I've always figured that was the reason. It's immediately obvious at the call site that a borrow is happening, and that it is a mutable borrow. Otherwise, if you wanted to know, you'd need to inspect each of the function's signatures that the variable is passed to.
(Compare, perhaps, to C++ references, where it isn't apparent at the call site at all that your variable might change.)
When you use `&mut some_point`, (i.e. immutably borrow "some_point"), the compiler requires that "some_point" is not borrowed anywhere else at the same time. In order to enforce that invariant, it needs to know what borrows are mutable and what borrows are immutable.
Perhaps what you're wondering is "why can't the compiler infer when a borrow needs to be mutable instead of having the programmer specify it"? I can't say for certain what the answer to this is, but my guess is that it would be rather expensive. Consider this example (reusing the "add" function from above):
let mut foo = Point { x: 1, y: 2 };
let bar = &foo;
add(&foo, &foo);
...
// Much later
reset(bar);
Under the proposed "mutable reference inference" rules, should this compile? It's not necessarily trivial to determine this (especially if the "..." contains a lot of code), but it should not, since `bar` must a be mutable borrow to be able to pass into `reset`, which means that the borrows of `foo` to pass to `add` shouldn't be allowed. This means that the compiler would have to a rather expensive lookahead to determine whether any borrows are valid (and some people already complain that Rust compiles too slowly!). Forcing users to specify when borrows are mutable makes the compilers job much easier, not to mention the readability benefits that comes from making mutability explicit.

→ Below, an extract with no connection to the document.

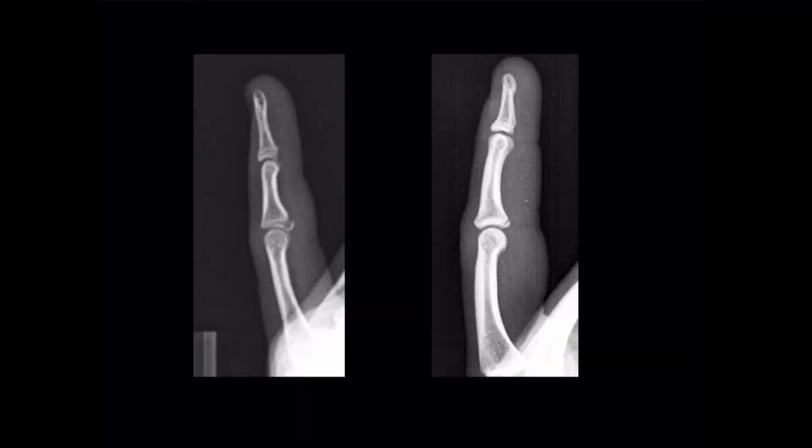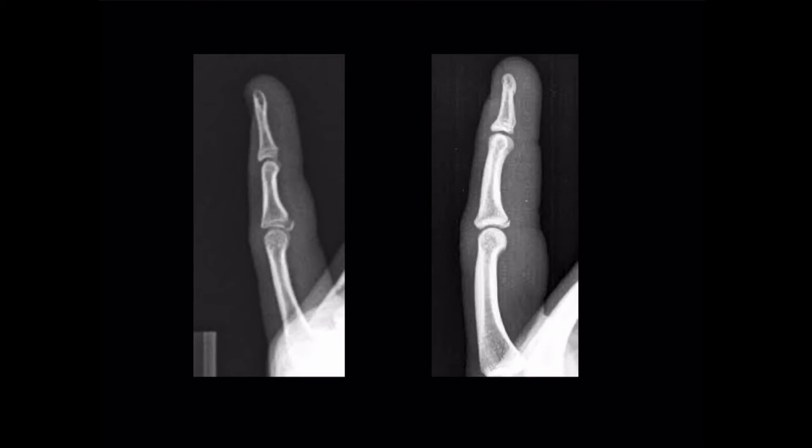In terms of investigations, rarely is it required that we do more than a plain x-ray. Sometimes an ultrasound may be useful, but in general, the history, an examination, and a plain x-ray will tell the story. They will have sustained a blow to the digit causing hyperextension and a dislocation, and our x-ray may or may not show an avulsion fracture. If the bony alignment is normal and there's no fracture, we can assume a PIP joint injury involves the volar plate to some degree. Complex investigations like MRI are not useful and will simply show us the damage we know is there. A plain x-ray and a good history and examination will get us 95% of the way there.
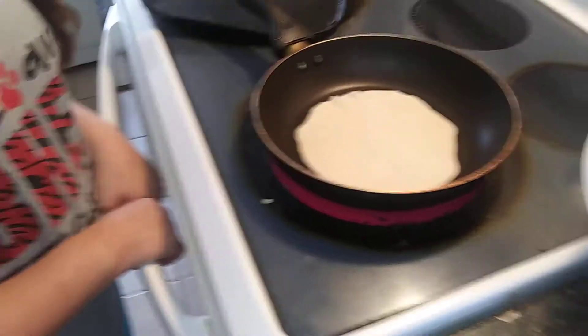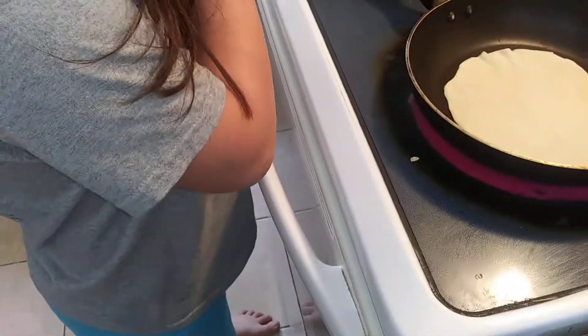You wait until it's ready, and then you flip it.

Borrow checking happens quite late in the compilation process. It has to, because it can't know the lifetimes of the borrows until all the functions are resolved (borrows are allowed to leave the scope of the call via requirements imposed by functions, even to the point of being required to be static). If this choice was made for technical reasons, this is not why.
Considering how seriously Rust takes explicitness in general, I strongly suspect this was done purely for readability.

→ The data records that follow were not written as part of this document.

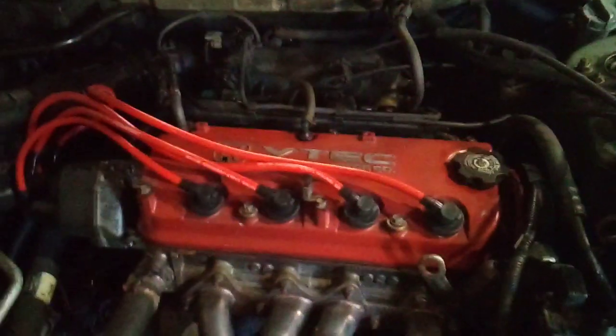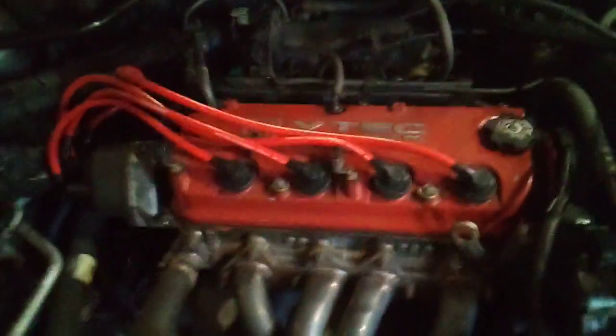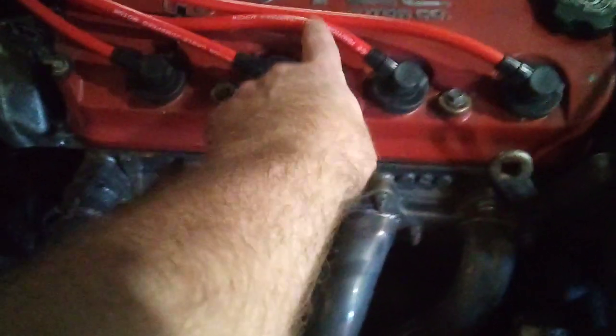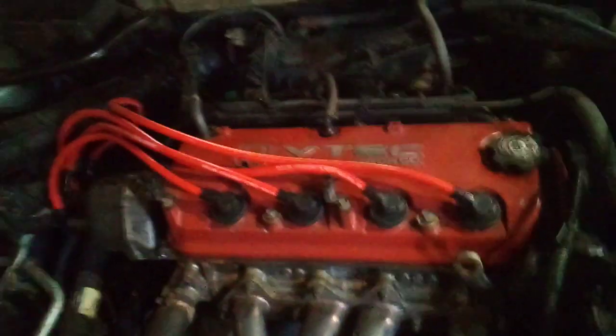Huge difference — these are seven millimeter, the factory ones are seven millimeter wires. I've had them on there about a month and noticed the idle is smoother. I can't complain about them, they fit fine, but they don't sit down in the holders so I'm going to buy some aftermarket ones that are bigger to hold them, or I'll just make my own.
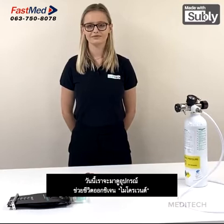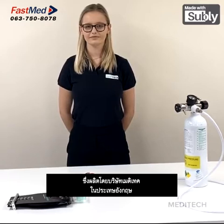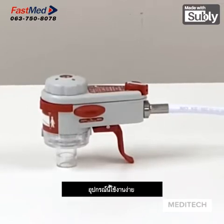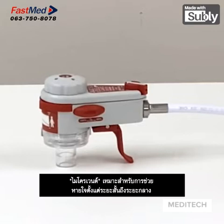Today we are going to be looking at the Microvent oxygen resuscitation device, which is manufactured by Meditech in the United Kingdom. The Microvent is a pneumatic oxygen powered resuscitator suitable for adults and children over 10 kilograms in weight. The device is easy to use, lightweight and very compact. Its dimensions are 120mm x 55mm and it weighs only 250 grams. The Microvent is suitable for short to medium term ventilation periods.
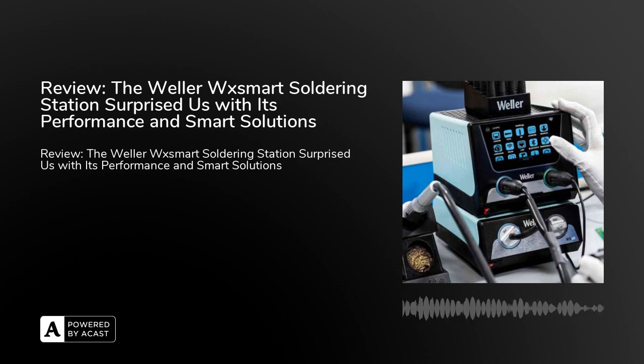The Valor WX Smart features a highly intuitive interface with a large full-color display. The new integrated color display allows you to monitor power and temperature graphs in real time, making using the station extremely pleasant.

If struct A implements trait S and trait T, and there are two functions
fn foo(x: &S);
fn foo(y: &T);
in scope, then the compiler needs you to disambiguate foo(&a) if a: A. This isn't a whole lot different than disambiguating the same expression if the functions are:
My best interpretation of his question was more along the lines of: why do you have to mark it as `mut` if you aren't going to change it in the function? Suddenly your function only accepts mutable pointers, not just any pointer.

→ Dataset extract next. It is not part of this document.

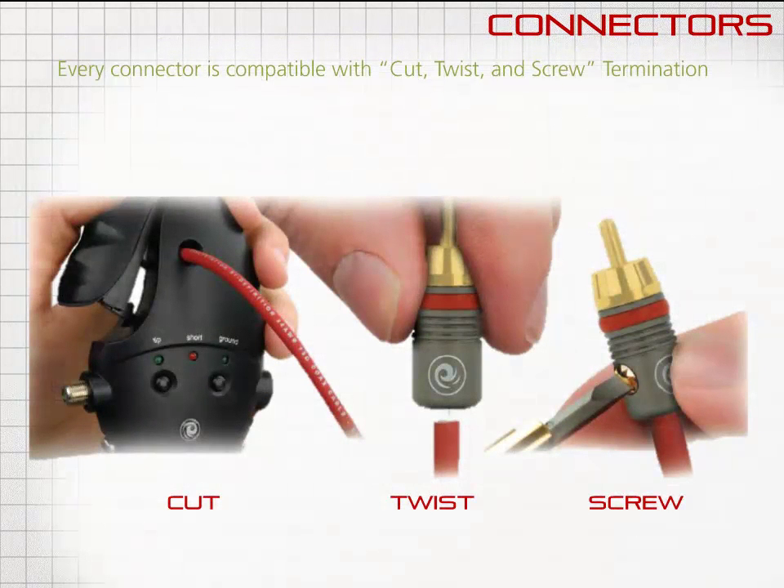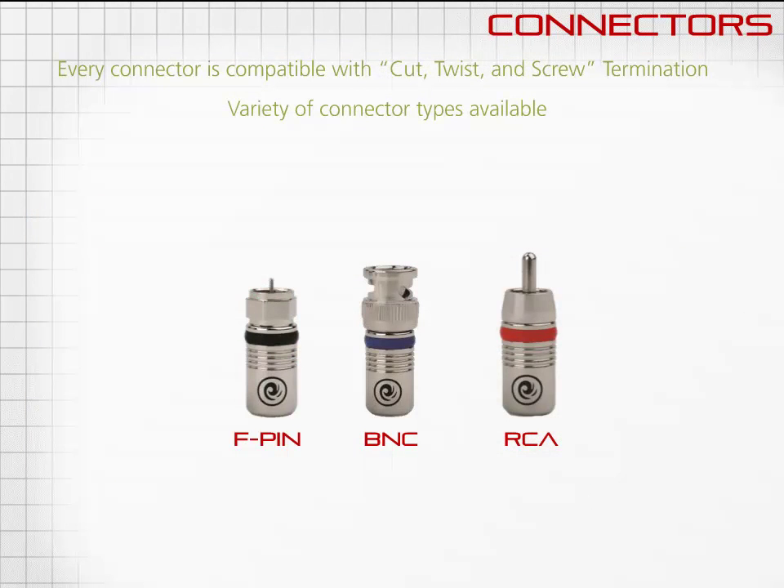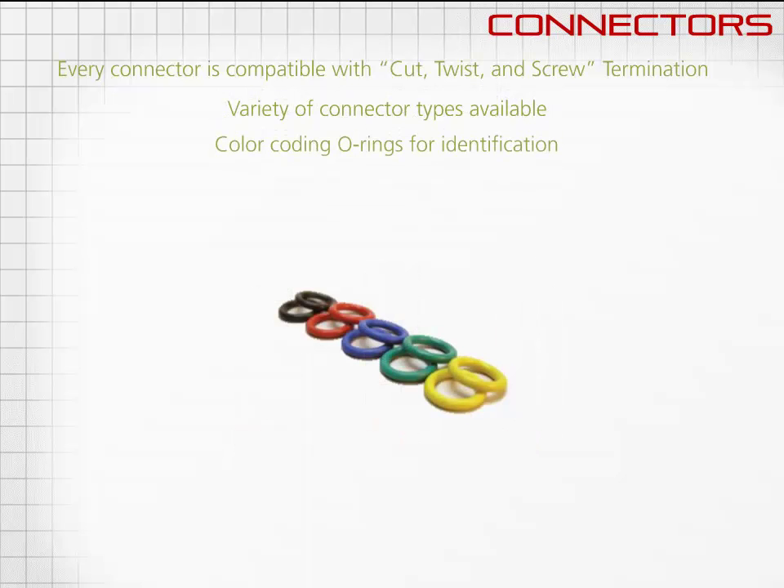Every connector in the PlanetWave's coax system is compatible with the cut, twist, and screw termination method. There are a variety of connectors available, including F-PIN, BNC, and RCA. All connectors come with colored O-rings for quick identification.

Rust deliberately doesn't do interprocedural analysis, so function signatures are the ultimate source of truth. If you want to call a function that takes a `&mut` then all the rules for taking a `&mut` apply. If the function that takes a `&mut` doesn't need a `&mut`, however, then that's probably just bad API design, and is something to be avoided (I've never seen any such thing in the wild; the guideline in API design is to make your function signatures as unrestrictive as you can, and `&mut` is as restrictive as it gets).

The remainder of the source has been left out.